Teachers call for action

MOST TEACHERS want to fight this Education Bill but unfortunately
some of our union leaders are against discussing industrial action to
oppose it.

Martin Powell-Davies, Lewisham National Union of
Teachers (NUT)

At a recent National Union of Teachers secretary’s meeting I summed
up the likely parliamentary arithmetic for the Education Bill debate,
saying that it was likely that "the union will win the argument but lose
the parliamentary vote."

I then asked the NUT’s general secretary Steve Sinnott when the union
Executive would be campaigning for the local and national industrial
action that conference unanimously agreed should be considered.

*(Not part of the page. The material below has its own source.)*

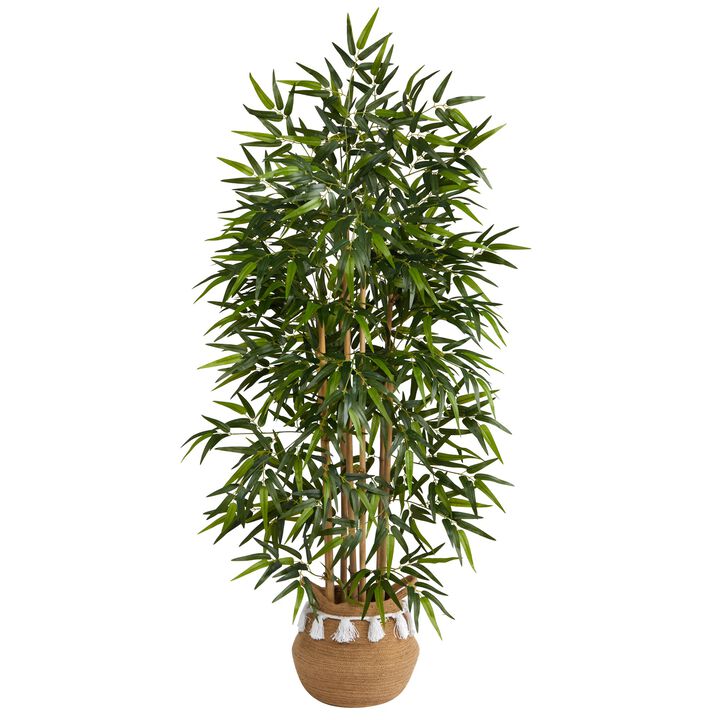 Hivvago 64 Inches Bamboo Artificial Tree with Natural Bamboo Trunks in Boho Chic Handmade Natural Cotton Woven Planter with Tassels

Outrageously Steve Sinnott came out with the old right-wing
accusations that some of us in the NUT were always "salivating over
industrial action!"

Then he made absolutely clear that in his view "the campaign would be
damaged by industrial action at the moment". In other words, don’t
frighten the MPs, keep lobbying rather than pursuing industrial action.

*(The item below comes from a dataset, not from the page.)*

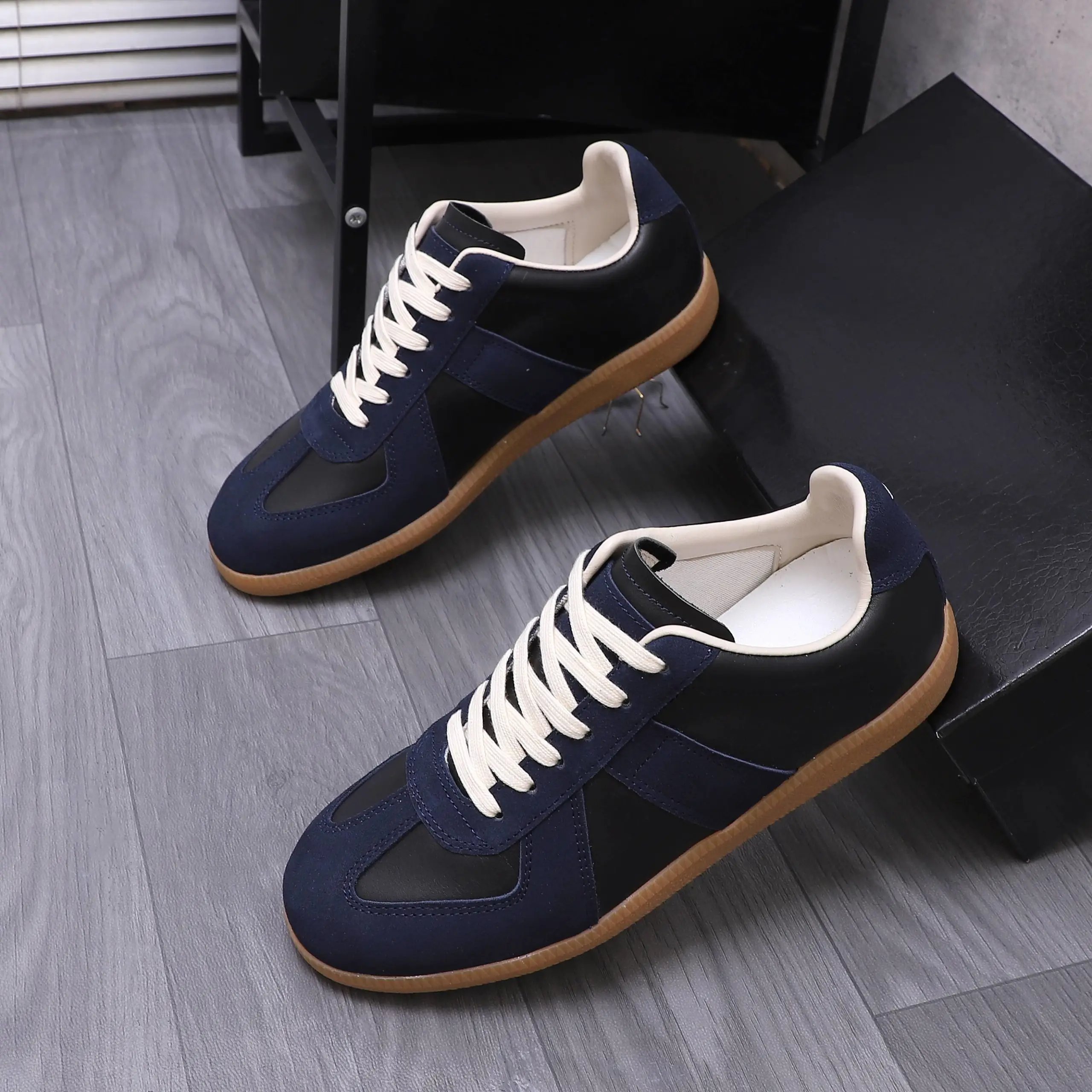 Maison Margiela Leather Sneakers Blue - Gallery Image 4 - Detailed View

Of course, we have to go through the necessary steps of lobbying,
leafleting etc – raising the issue to parents and our union members. But
– and NUT members in schools are realistic about this – lobbying alone
is unlikely to change this government.

They will need to feel under much greater pressure – and that’s why
industrial action is vital (especially in the absence of a mass party
that can challenge them at the polls).

We must use this stage of the campaign to raise NUT members’ horizons
to the strike action that will be needed to defeat privatisation and the
attacks on education – both nationally and in local struggles.

We have to urgently raise the question of "what next" if the Bill
goes through. We have to raise the prospect of action, yes locally where
required to defeat trusts, but also as a national protest in the autumn
term when the Bill returns from the Lords. The teachers’ unions urgently
need to start canvassing support for action in schools.